**Your assignment:** In the listing that follows, the range to quote begins at the line that has "Pre Owned Salvatore" and ends after the line that has "A LARGE PORTMEIRION"; quote it verbatim and add nothing.

**Data records:**
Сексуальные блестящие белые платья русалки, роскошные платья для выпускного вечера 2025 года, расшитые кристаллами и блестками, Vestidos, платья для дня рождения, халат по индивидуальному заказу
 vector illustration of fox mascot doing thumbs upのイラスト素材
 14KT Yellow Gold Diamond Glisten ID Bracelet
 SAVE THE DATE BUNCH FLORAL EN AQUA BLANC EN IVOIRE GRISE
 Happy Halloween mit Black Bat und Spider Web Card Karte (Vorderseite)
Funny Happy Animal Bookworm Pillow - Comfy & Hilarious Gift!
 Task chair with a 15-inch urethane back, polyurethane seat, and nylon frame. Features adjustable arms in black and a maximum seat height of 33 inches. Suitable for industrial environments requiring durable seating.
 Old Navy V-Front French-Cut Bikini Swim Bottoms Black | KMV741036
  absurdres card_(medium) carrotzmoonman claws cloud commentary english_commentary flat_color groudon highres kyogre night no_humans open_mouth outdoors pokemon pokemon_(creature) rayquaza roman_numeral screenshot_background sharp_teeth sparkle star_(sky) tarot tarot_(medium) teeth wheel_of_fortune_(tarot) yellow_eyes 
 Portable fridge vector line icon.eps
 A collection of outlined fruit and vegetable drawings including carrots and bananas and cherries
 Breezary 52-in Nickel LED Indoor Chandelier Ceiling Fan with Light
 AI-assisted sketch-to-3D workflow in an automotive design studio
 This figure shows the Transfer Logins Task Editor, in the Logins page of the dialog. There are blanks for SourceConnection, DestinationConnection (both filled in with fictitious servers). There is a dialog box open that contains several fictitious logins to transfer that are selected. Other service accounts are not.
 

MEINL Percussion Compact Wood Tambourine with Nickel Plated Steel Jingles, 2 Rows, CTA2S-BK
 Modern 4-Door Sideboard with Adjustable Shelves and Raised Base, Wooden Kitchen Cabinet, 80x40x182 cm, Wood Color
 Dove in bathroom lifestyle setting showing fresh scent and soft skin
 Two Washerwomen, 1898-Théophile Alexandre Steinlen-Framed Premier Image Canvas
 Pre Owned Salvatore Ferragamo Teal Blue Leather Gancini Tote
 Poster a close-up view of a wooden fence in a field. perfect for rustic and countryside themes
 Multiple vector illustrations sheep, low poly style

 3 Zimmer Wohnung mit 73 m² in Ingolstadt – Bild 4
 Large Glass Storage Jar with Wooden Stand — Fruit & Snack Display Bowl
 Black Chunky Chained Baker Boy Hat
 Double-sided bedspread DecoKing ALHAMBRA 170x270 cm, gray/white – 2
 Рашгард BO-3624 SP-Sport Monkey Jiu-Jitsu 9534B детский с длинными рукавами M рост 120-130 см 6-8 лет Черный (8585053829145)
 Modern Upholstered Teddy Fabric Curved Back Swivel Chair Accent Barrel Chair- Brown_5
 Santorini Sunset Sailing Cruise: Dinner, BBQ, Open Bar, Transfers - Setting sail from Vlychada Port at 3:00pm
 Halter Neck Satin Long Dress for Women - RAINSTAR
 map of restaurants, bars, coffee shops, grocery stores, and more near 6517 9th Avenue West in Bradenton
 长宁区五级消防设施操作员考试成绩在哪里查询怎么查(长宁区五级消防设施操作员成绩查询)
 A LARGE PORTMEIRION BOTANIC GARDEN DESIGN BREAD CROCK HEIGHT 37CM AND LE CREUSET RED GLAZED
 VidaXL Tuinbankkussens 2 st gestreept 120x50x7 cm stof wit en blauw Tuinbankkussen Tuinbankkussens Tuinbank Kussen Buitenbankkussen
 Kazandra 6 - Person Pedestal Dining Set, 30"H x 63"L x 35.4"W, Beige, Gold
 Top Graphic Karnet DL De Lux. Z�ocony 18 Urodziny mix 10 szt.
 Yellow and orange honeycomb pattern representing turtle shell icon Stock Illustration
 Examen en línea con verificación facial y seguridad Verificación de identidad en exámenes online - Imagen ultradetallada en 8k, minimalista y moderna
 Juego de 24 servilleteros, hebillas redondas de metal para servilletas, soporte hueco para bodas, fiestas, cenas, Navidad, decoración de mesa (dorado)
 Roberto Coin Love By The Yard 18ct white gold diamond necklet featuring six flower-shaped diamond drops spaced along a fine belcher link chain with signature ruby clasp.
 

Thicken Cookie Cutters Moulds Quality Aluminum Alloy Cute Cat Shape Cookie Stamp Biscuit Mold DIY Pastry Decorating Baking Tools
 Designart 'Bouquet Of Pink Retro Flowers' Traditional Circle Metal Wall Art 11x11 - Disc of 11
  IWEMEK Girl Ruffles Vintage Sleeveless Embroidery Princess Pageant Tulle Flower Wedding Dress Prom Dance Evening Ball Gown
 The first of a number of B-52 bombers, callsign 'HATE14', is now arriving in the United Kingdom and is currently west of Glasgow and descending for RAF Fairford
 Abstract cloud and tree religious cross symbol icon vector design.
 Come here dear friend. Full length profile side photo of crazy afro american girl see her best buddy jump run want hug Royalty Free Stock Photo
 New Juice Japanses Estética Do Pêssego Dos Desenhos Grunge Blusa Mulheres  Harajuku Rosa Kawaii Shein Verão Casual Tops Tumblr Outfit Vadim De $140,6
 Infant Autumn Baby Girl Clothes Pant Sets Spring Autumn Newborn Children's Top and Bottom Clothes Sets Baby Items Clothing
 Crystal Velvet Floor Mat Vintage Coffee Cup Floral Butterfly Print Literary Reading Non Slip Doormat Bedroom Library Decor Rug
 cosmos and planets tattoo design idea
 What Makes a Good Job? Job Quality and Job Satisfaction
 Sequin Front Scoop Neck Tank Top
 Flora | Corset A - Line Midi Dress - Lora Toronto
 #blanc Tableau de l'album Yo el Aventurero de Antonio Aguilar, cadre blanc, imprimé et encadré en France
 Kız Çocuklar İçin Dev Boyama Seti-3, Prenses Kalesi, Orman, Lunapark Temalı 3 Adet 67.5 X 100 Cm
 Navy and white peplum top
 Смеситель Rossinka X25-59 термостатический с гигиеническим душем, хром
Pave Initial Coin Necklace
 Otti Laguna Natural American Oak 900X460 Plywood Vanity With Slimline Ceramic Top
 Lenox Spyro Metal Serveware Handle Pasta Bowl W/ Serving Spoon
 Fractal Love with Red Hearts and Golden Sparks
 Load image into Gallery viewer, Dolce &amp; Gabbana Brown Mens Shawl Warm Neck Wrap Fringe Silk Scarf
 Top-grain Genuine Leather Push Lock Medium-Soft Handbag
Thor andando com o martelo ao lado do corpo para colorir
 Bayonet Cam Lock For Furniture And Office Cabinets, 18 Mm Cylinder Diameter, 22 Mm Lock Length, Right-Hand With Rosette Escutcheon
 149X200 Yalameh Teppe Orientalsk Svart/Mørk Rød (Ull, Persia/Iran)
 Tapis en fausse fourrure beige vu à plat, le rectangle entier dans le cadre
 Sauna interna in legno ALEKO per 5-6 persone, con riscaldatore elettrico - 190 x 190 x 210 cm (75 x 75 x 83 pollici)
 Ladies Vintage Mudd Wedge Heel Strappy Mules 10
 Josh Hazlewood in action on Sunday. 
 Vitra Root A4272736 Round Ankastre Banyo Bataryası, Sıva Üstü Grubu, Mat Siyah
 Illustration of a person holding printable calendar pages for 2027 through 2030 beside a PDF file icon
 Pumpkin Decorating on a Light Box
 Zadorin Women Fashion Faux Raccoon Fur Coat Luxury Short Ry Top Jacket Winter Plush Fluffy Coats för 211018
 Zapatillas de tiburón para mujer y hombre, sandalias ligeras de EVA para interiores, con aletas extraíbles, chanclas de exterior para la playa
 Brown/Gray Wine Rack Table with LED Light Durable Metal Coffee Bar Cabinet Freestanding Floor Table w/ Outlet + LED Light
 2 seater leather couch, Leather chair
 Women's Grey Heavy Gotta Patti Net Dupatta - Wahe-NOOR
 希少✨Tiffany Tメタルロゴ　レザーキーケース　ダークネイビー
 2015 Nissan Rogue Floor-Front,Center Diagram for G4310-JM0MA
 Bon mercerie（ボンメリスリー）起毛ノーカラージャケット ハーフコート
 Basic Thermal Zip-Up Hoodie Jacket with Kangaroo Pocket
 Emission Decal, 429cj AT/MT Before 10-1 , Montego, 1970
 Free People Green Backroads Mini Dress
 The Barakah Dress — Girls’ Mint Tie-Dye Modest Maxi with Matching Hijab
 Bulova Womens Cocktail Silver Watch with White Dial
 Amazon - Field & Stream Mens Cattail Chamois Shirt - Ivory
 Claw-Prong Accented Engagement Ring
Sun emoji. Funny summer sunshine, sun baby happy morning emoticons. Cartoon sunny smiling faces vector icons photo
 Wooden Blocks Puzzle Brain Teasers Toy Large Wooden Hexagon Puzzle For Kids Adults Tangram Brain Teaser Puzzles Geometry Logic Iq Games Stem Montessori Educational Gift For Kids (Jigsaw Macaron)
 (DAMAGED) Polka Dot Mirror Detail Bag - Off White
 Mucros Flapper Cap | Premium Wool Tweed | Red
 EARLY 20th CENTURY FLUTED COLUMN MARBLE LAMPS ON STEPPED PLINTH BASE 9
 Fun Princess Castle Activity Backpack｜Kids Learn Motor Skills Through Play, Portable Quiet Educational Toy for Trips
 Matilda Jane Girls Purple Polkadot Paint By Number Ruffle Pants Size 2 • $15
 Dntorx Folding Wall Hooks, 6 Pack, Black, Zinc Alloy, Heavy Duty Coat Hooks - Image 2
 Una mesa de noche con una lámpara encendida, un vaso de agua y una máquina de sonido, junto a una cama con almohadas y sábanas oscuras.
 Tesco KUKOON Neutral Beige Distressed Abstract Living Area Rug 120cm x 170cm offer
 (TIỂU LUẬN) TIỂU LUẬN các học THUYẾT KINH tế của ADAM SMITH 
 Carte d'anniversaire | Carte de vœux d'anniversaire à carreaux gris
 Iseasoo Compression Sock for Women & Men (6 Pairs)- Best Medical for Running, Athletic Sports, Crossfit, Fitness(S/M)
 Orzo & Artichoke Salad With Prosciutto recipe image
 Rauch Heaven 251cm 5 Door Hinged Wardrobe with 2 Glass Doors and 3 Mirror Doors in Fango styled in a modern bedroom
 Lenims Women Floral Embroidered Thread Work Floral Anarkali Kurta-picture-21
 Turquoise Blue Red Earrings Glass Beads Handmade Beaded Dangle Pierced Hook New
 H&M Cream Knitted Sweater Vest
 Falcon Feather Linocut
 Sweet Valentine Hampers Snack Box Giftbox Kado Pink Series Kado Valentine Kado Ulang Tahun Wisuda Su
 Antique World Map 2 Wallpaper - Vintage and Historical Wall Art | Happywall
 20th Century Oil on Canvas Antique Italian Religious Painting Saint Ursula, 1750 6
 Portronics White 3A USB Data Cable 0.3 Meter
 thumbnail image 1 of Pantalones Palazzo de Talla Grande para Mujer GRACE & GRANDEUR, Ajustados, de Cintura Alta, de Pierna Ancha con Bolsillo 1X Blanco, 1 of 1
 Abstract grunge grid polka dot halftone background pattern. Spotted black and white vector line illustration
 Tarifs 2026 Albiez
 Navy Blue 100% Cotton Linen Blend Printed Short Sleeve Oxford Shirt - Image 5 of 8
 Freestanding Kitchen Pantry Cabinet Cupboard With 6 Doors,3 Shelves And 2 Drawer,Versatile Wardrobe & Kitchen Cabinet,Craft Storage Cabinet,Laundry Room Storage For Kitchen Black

**Expected output:**
 Pre Owned Salvatore Ferragamo Teal Blue Leather Gancini Tote
 Poster a close-up view of a wooden fence in a field. perfect for rustic and countryside themes
 Multiple vector illustrations sheep, low poly style

 3 Zimmer Wohnung mit 73 m² in Ingolstadt – Bild 4
 Large Glass Storage Jar with Wooden Stand — Fruit & Snack Display Bowl
 Black Chunky Chained Baker Boy Hat
 Double-sided bedspread DecoKing ALHAMBRA 170x270 cm, gray/white – 2
 Рашгард BO-3624 SP-Sport Monkey Jiu-Jitsu 9534B детский с длинными рукавами M рост 120-130 см 6-8 лет Черный (8585053829145)
 Modern Upholstered Teddy Fabric Curved Back Swivel Chair Accent Barrel Chair- Brown_5
 Santorini Sunset Sailing Cruise: Dinner, BBQ, Open Bar, Transfers - Setting sail from Vlychada Port at 3:00pm
 Halter Neck Satin Long Dress for Women - RAINSTAR
 map of restaurants, bars, coffee shops, grocery stores, and more near 6517 9th Avenue West in Bradenton
 长宁区五级消防设施操作员考试成绩在哪里查询怎么查(长宁区五级消防设施操作员成绩查询)
 A LARGE PORTMEIRION BOTANIC GARDEN DESIGN BREAD CROCK HEIGHT 37CM AND LE CREUSET RED GLAZED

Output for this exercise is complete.